> _WHAT IS NEEDED_: Begin at the line below that holds "Factcard - Sulphur Dioxide" and end at the line that holds "麦卡蒂的表现为何值得信赖 五个关键理由分析 麦卡蒂的表现为何值得信赖 五个关键理由分析", transcribing each line exactly and skipping any picture.

> _INFORMATION PROVIDED_:

--------------------------------------------------

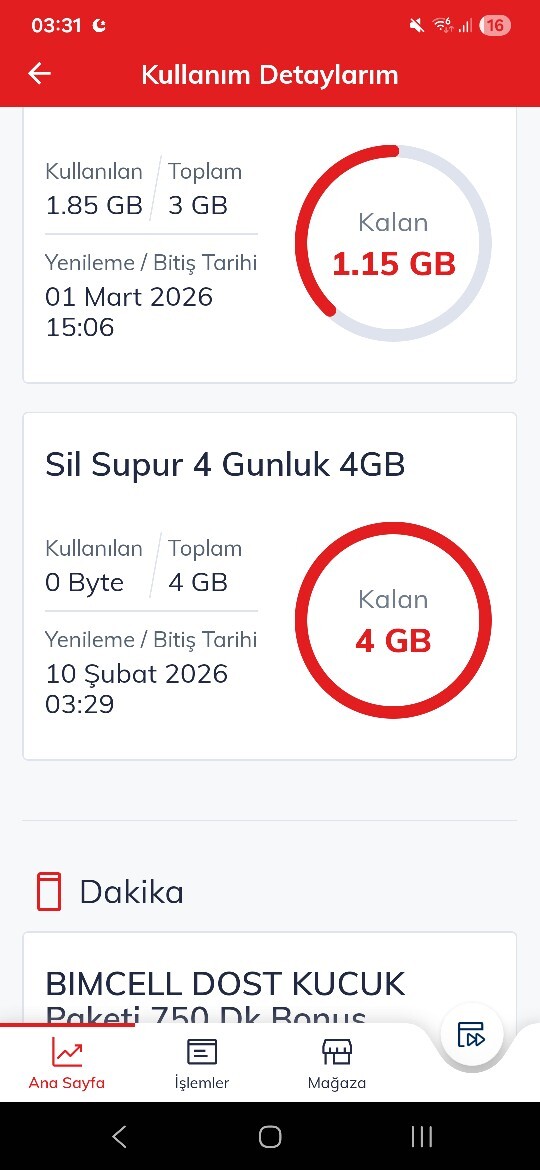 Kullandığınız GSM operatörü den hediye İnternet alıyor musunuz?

--------------------------------------------------

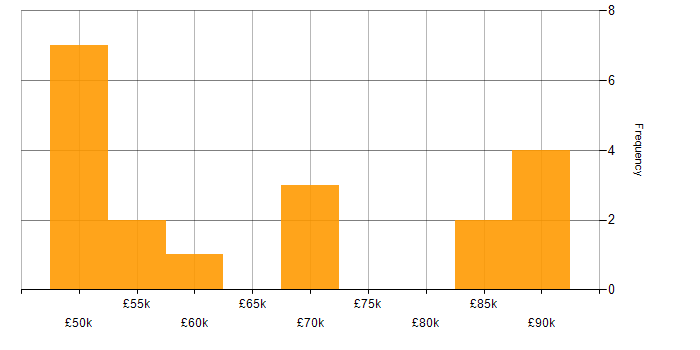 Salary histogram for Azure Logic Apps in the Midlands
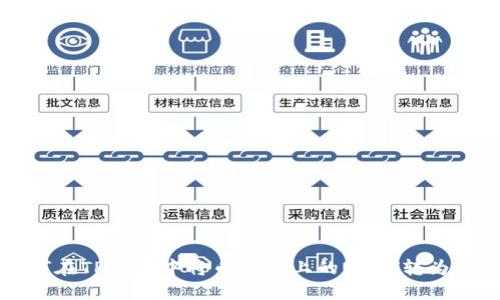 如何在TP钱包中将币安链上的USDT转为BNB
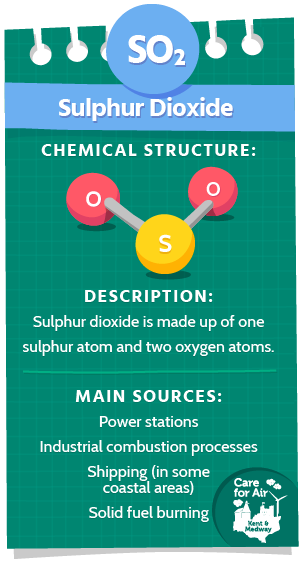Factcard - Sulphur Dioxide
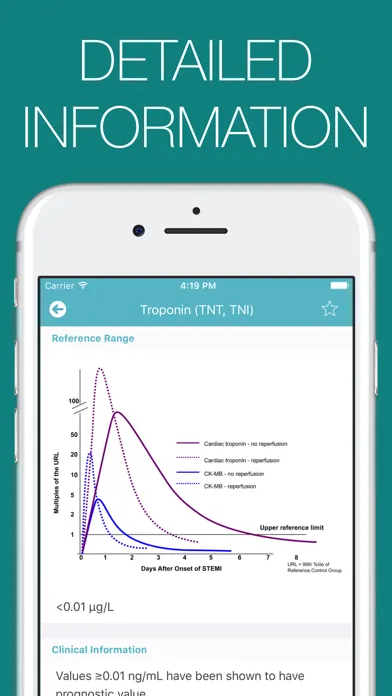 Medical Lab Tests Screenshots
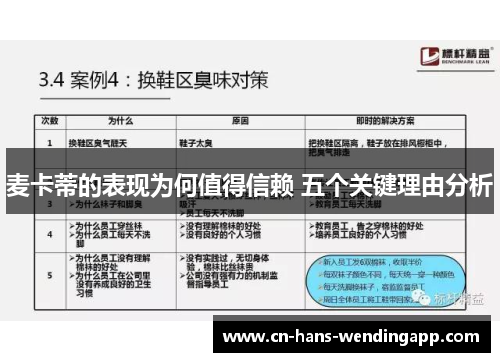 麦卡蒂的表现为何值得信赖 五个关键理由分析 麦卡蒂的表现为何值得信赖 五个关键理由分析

--------------------------------------------------

> _TASK ANSWER_:
Factcard - Sulphur Dioxide
 Medical Lab Tests Screenshots
 麦卡蒂的表现为何值得信赖 五个关键理由分析 麦卡蒂的表现为何值得信赖 五个关键理由分析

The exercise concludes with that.